Network intrusion detection systems are typically rule-based and signature-based controls that are deployed at the perimeter to detect known threats. Adversaries change the malware signatures and easily evade the traditional network intrusion detection systems. Quamar et al. [1], in their IEEE transaction paper, showed deep learning (DL)-based systems using self-taught learning to be promising in detecting unknown network intrusions. Traditional security use cases such as malware detection and spyware detection have been tackled with deep neural net-based systems [2].

The generalization power of DL-based techniques is better compared to traditional ML-based approaches. Jung et al.’s [3] DL based system can even detect zero-day malware. Daniel Gibert [2], a Ph.D. graduate from the University of Barcelona, has done extensive work related to convolutional neural networks (CNN, a type of DL architecture) and malware detection. In his Ph.D. thesis, he says that CNNs can detect even polymorphic malware.

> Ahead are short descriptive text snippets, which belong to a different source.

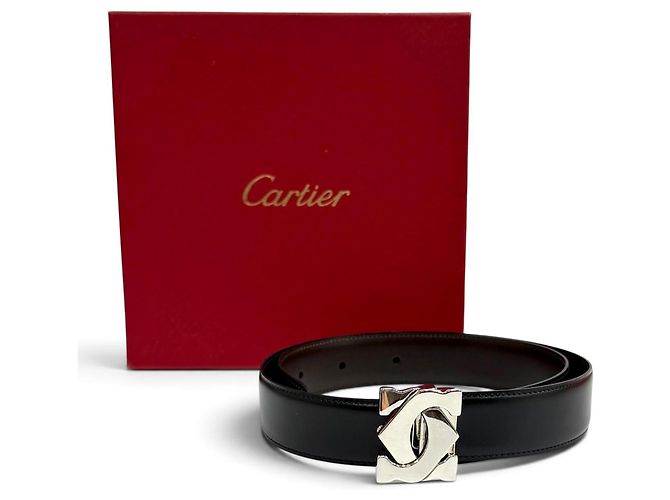 Cartier Ledergürtel mit Wendelboucle 2C Braun Schwarz - Ansicht 2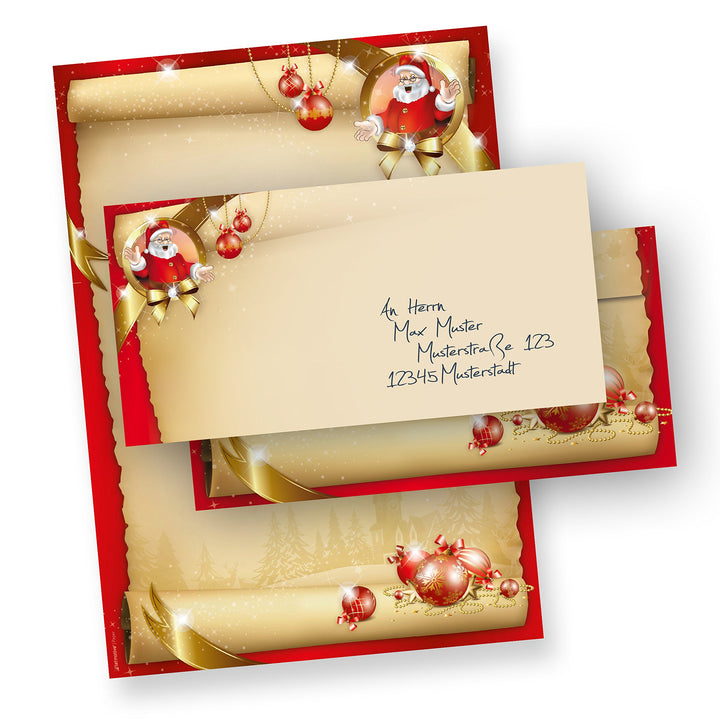 Briefpapier Weihnachten Set Santa Claus (250 Sets ohne Fenster) DIN A4 Weihnachtsbriefpapier mit Ums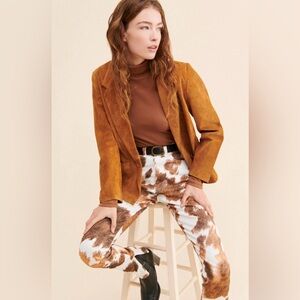 Stylish Brown Patterned Women's Pants Cow Print NWT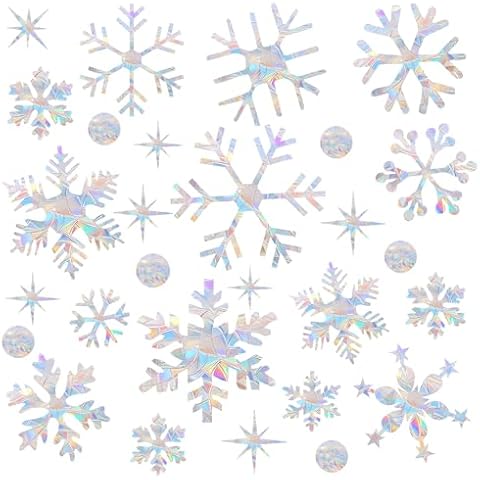 HAPBEAR 45PCS Christmas Snowflake Window Clings Stickers Rainbow Window Decals for Glass Bird Window Strike Prevention - Window Clings to Prevent Bird Strikes Cover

The DL-based neural nets are now getting used in User and Entity Behaviour Analytics (UEBA). Traditionally, UEBA employs anomaly detection and machine learning algorithms which distill the security events to profile and baseline every user and network element in the enterprise IT environment. Any significant deviations from the baselines were triggered as anomalies that further raised alerts to be investigated by the security analysts. UEBA enhanced the detection of insider threats, albeit to a limited extent.

Now, deep learning-based systems are used to detect many other types of anomalies. Paweł Kobojek from Warsaw university, Poland [4] uses keystroke dynamics to verify the user using an LSTM network. Jason Trost, director of security data engineering at Capital One, has published several blogs [5] that have a list of technical papers and talks on applying deep learning in InfoSec.

A Brief Overview of Feed Forward Neural Network

The artificial neural network is inspired from the biological neural network. Neurons are the atomic unit of a biological neural network. Each neuron consists of dendrites, nucleus, and axons. It receives signals through dendrites and is carried out through axons (Figure 1 below). The computations are performed in the nucleus. The entire network is made up of a chain of neurons.

AI researchers borrowed this idea to develop the artificial neural network (ANN). In this setting, each neuron accomplishes three actions:

it accumulates input from various other neurons or inputs in a weighted manner
it sums up all input signals
based on the summed value, it calls an activation function

Each neuron thus can classify whether a set of inputs belong to one class or another. This power is limited when only a single neuron is used. However, coining a set of neurons makes it a powerful machinery for classification and sequence labelling tasks.

Figure 1: Greatest inspiration that we can get is from the nature – figure depicts a biological neuron and an artificial neuron.

A set of neuron layers can be used to create a neural network. The network architecture differs based on the objective it needs to achieve. A common network architecture is a Feed Forward Neural Network (FFN). Neurons are arranged linearly without any cycles to form a FFN. It is called feed forward because information travels in the forward direction inside the network, first through the input neurons layer, then through the hidden neuron layers, and the output neurons layer (Figure 2 below).

Figure 2: A feed forward network with two hidden layers

Like any supervised machine learning model, the FFN needs to be trained using labeled data. The training is in the form of optimizing the parameters by reducing the error between the output value and the true value. One such important parameter to optimize is the weight each neuron gives to each of its input signals. For a single neuron, the weight can be easily computed using the error.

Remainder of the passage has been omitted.